++++ Listed records ++++

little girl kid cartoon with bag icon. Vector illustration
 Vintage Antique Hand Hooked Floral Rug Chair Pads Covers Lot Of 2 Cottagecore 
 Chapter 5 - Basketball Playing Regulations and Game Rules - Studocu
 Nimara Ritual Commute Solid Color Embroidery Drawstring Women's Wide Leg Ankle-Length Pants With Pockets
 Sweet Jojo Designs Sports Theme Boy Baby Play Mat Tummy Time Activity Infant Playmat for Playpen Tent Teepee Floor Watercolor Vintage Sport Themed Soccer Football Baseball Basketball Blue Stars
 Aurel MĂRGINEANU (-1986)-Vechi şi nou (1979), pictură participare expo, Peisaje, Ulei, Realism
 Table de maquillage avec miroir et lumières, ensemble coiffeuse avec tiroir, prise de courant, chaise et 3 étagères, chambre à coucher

++++

Exercise description
All lines with the word "Vintage" are needed; pull them from the entries and copy each.

Response
 Vintage Antique Hand Hooked Floral Rug Chair Pads Covers Lot Of 2 Cottagecore 
 Sweet Jojo Designs Sports Theme Boy Baby Play Mat Tummy Time Activity Infant Playmat for Playpen Tent Teepee Floor Watercolor Vintage Sport Themed Soccer Football Baseball Basketball Blue Stars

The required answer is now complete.